- Task to carry out
Word for word, restate the lines from the start of the data below through the line containing "Fashion Pet Dog".

Short web captions:
◇ ◇ ◇ ◇
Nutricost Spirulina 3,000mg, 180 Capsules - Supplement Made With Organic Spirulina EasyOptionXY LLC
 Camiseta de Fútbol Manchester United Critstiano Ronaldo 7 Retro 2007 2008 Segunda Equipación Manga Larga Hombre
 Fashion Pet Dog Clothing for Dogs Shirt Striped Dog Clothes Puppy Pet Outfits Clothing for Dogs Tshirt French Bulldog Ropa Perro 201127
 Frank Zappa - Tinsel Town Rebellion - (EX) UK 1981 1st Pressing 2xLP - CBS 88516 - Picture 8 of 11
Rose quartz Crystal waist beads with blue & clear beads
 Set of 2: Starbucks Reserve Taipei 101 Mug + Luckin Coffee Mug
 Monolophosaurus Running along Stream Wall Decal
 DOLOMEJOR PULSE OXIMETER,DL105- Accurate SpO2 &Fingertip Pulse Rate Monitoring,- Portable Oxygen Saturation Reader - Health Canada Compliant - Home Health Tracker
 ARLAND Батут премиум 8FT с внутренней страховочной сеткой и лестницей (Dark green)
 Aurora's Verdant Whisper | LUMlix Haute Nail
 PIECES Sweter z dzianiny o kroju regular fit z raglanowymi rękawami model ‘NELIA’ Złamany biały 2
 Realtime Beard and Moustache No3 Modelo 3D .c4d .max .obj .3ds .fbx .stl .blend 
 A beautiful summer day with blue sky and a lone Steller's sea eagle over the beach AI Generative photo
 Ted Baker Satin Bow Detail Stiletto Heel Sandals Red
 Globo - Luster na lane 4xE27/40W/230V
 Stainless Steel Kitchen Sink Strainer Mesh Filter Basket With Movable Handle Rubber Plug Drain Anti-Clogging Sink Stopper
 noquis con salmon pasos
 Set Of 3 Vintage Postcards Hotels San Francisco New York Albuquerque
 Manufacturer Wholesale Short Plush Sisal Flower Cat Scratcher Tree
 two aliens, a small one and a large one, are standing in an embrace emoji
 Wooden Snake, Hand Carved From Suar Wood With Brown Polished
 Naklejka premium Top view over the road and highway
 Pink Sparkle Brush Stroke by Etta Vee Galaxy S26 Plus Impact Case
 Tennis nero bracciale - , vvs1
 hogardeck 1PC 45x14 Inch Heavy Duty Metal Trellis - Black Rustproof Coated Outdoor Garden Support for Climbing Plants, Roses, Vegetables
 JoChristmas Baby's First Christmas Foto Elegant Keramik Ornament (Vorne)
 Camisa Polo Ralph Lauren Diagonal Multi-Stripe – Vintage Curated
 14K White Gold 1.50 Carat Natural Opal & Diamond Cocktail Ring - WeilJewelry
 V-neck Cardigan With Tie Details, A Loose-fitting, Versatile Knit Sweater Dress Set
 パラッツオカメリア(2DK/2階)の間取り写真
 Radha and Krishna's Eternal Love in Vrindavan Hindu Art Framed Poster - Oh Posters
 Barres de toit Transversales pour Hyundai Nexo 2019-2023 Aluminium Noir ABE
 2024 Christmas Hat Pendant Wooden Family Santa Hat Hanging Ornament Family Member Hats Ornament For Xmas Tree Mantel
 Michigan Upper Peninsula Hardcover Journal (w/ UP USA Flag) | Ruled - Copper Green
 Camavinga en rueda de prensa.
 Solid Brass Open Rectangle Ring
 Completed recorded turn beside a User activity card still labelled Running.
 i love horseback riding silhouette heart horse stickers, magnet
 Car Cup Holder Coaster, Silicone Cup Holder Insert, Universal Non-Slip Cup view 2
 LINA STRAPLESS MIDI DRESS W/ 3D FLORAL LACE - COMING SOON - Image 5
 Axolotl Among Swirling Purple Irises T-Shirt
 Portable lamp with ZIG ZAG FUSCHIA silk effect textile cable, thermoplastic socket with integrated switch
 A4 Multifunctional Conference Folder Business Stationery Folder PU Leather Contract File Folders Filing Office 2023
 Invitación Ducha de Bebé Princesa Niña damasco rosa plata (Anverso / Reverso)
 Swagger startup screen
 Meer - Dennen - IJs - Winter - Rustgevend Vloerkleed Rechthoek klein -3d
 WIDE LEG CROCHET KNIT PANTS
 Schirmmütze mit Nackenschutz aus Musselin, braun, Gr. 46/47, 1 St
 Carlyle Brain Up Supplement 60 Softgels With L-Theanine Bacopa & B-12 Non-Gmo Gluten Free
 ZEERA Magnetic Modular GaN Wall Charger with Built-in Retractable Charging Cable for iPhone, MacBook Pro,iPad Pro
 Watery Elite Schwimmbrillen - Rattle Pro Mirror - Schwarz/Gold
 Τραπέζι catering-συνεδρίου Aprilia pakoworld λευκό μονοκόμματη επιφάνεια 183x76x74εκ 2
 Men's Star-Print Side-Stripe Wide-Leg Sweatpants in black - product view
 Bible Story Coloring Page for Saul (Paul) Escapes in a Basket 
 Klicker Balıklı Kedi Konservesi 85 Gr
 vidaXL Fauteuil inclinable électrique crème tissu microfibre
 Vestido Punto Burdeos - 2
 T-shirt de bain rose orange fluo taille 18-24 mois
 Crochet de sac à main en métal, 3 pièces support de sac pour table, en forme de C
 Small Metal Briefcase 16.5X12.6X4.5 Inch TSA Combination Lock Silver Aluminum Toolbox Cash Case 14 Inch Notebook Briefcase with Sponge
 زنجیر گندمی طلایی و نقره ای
◇ ◇ ◇ ◇
- Response to this exercise
Nutricost Spirulina 3,000mg, 180 Capsules - Supplement Made With Organic Spirulina EasyOptionXY LLC
 Camiseta de Fútbol Manchester United Critstiano Ronaldo 7 Retro 2007 2008 Segunda Equipación Manga Larga Hombre
 Fashion Pet Dog Clothing for Dogs Shirt Striped Dog Clothes Puppy Pet Outfits Clothing for Dogs Tshirt French Bulldog Ropa Perro 201127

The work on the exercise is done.